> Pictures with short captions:
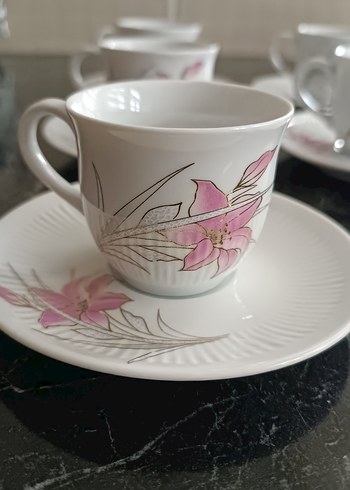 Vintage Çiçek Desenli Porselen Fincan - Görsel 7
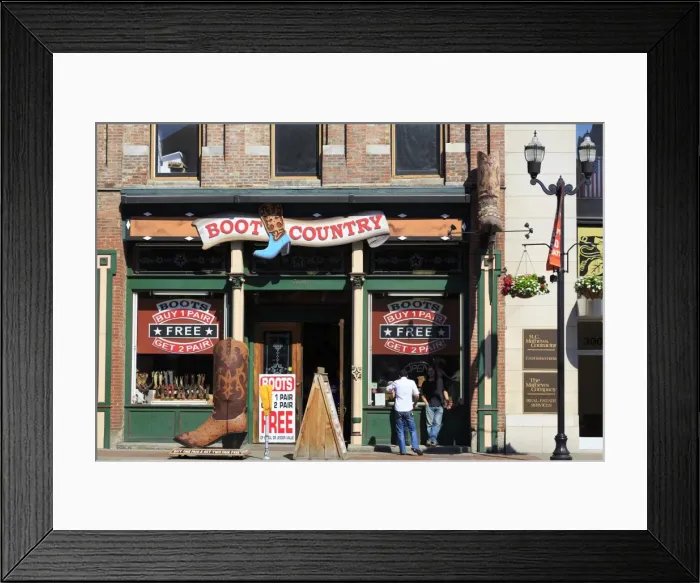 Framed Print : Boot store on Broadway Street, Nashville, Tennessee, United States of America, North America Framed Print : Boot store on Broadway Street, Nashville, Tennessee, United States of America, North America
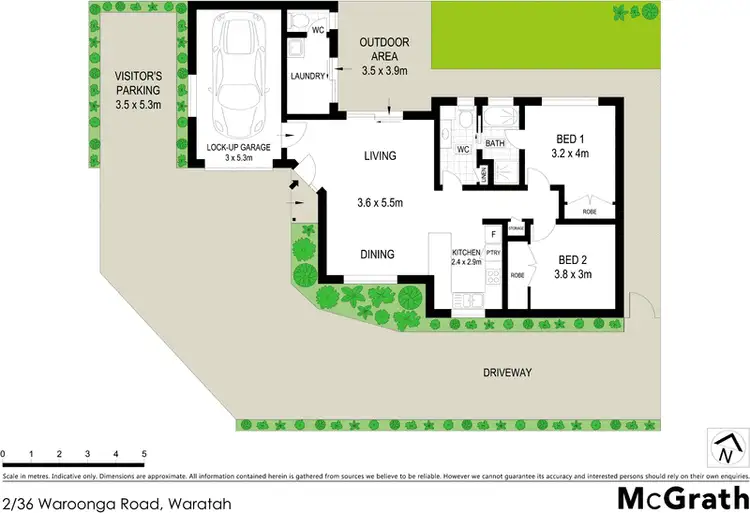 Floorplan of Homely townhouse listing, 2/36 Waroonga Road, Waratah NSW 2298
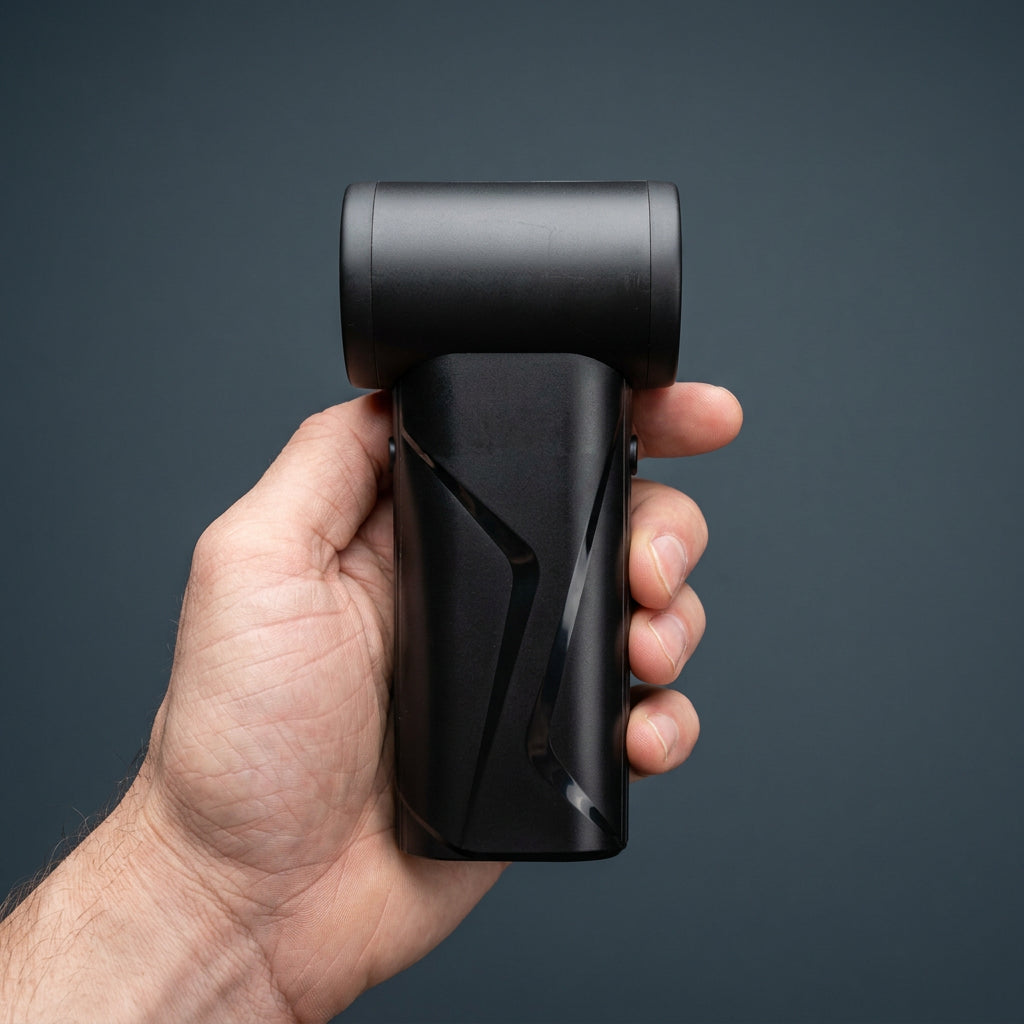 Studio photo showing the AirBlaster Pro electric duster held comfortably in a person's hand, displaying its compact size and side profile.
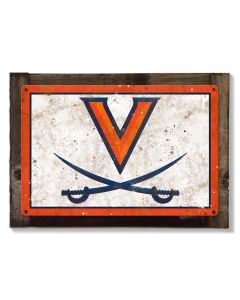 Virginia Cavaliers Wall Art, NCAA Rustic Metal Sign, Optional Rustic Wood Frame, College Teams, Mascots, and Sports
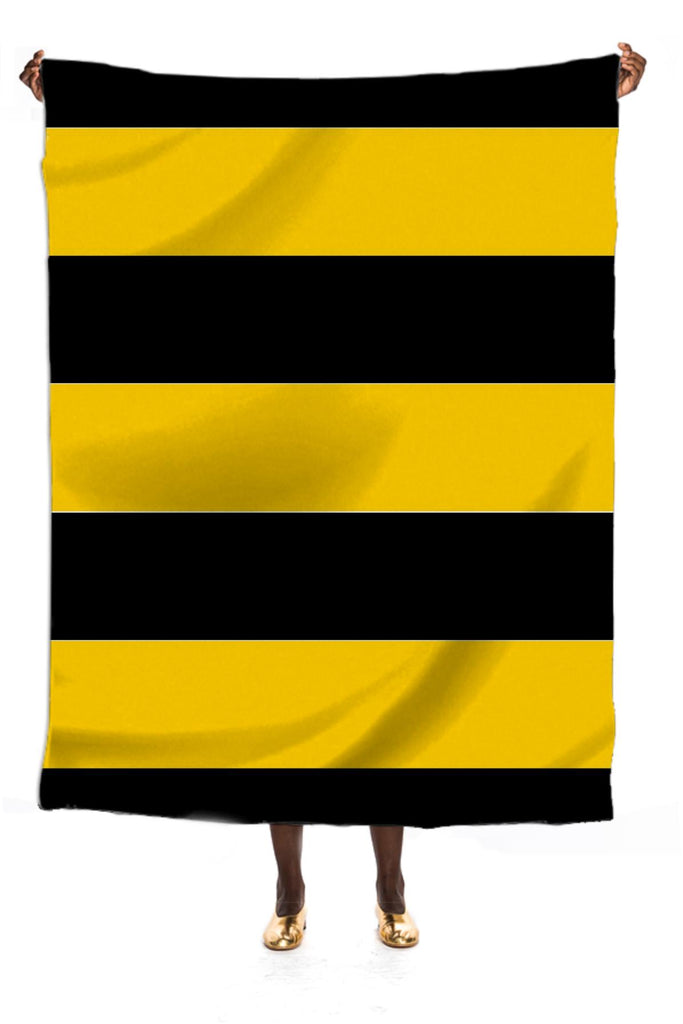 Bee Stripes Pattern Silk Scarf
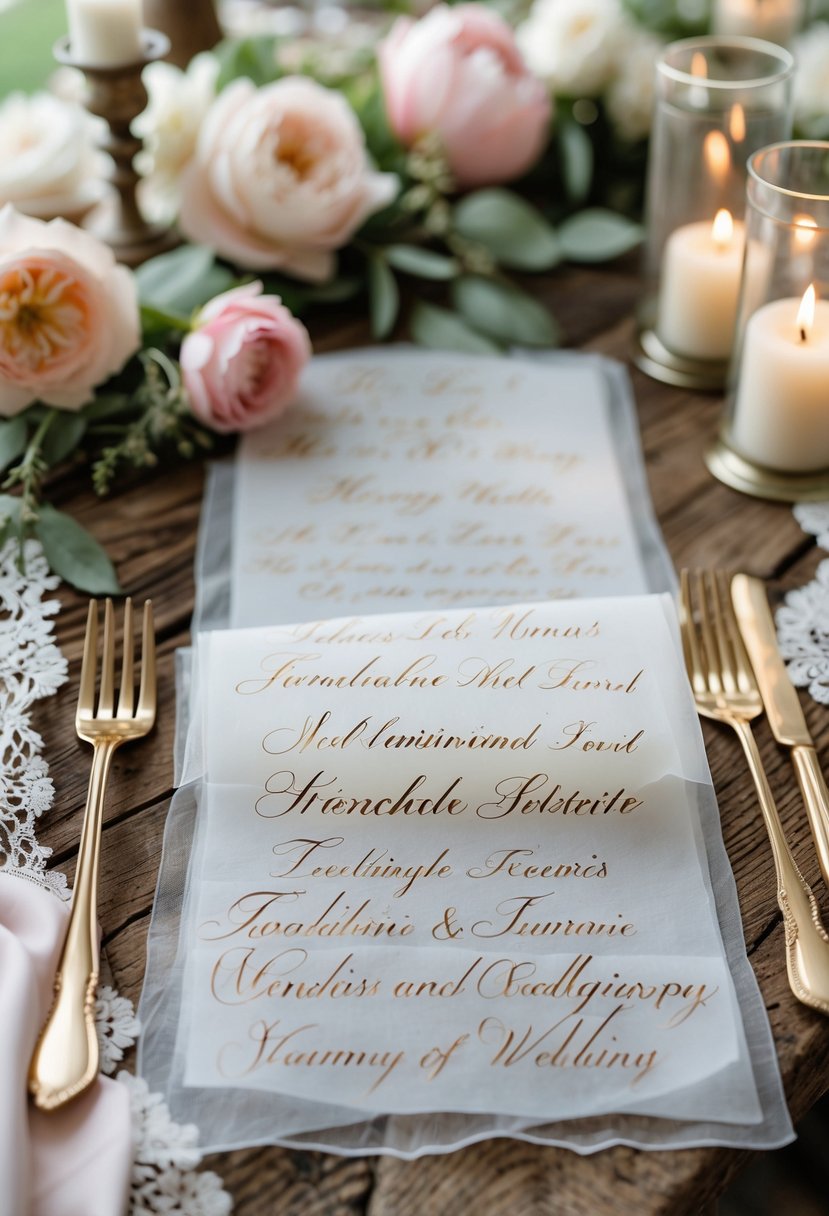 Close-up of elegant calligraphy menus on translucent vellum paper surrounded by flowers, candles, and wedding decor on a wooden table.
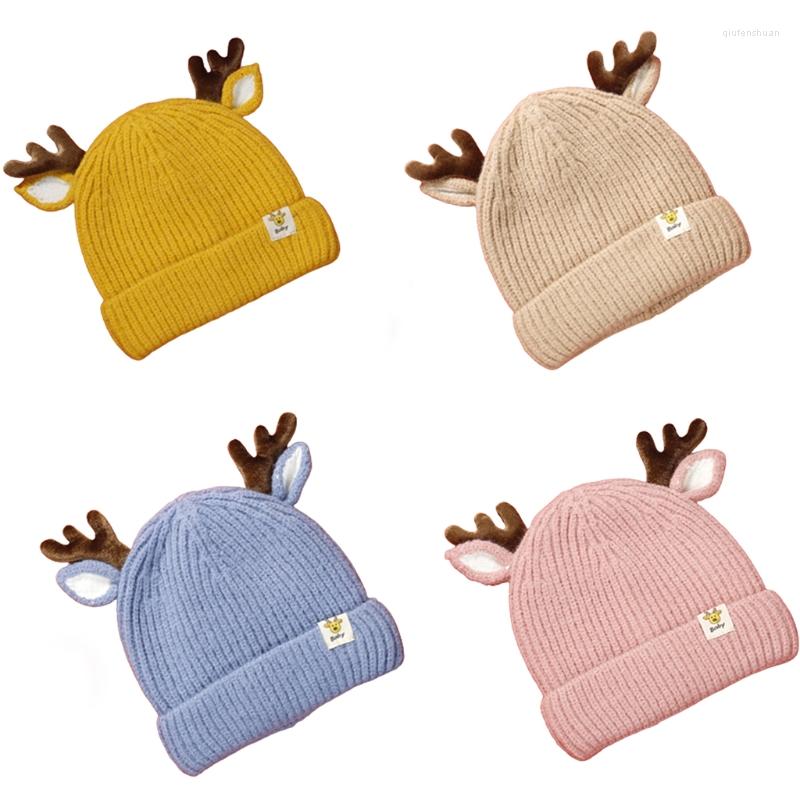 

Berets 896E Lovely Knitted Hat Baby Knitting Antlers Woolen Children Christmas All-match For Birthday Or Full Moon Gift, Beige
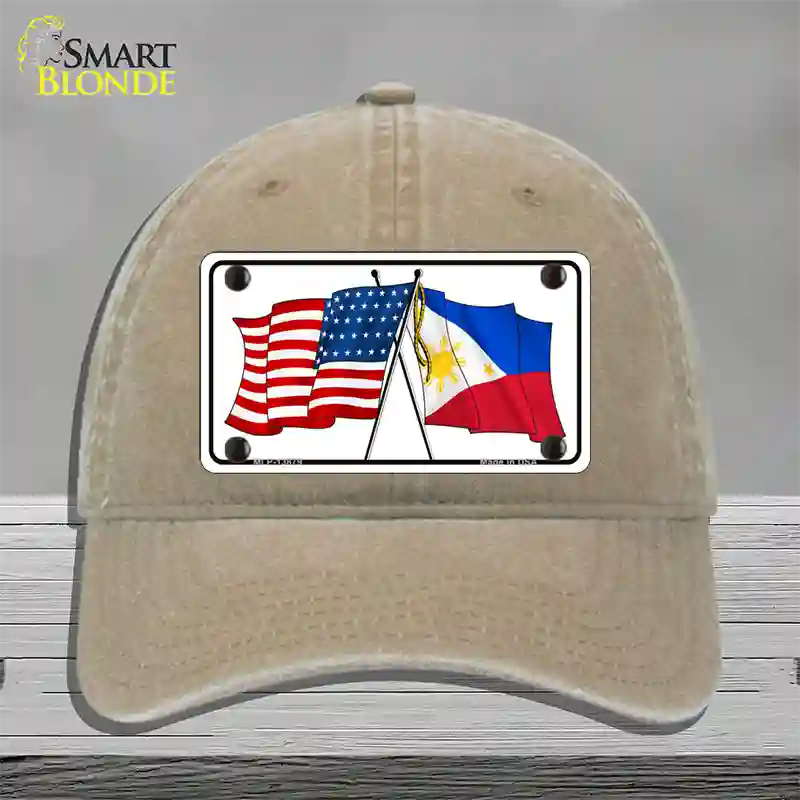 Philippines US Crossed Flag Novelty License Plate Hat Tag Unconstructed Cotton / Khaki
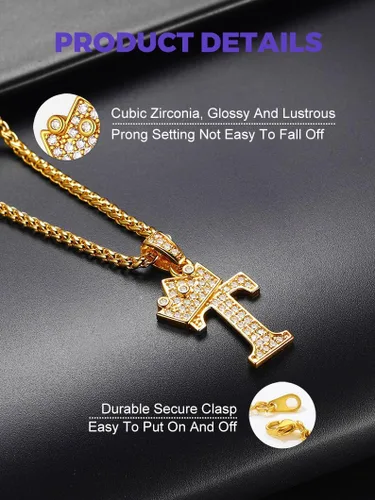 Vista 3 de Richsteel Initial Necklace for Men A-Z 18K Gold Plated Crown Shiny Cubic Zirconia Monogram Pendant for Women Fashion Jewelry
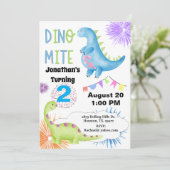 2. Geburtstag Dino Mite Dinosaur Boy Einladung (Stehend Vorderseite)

> What to do:
Copy exactly the lines from the one containing "Close-up of elegant" to the end of the records, both included, and leave the pictures out.

> Your solution:
 Close-up of elegant calligraphy menus on translucent vellum paper surrounded by flowers, candles, and wedding decor on a wooden table.

Berets 896E Lovely Knitted Hat Baby Knitting Antlers Woolen Children Christmas All-match For Birthday Or Full Moon Gift, Beige
 Philippines US Crossed Flag Novelty License Plate Hat Tag Unconstructed Cotton / Khaki
 Vista 3 de Richsteel Initial Necklace for Men A-Z 18K Gold Plated Crown Shiny Cubic Zirconia Monogram Pendant for Women Fashion Jewelry
 2. Geburtstag Dino Mite Dinosaur Boy Einladung (Stehend Vorderseite)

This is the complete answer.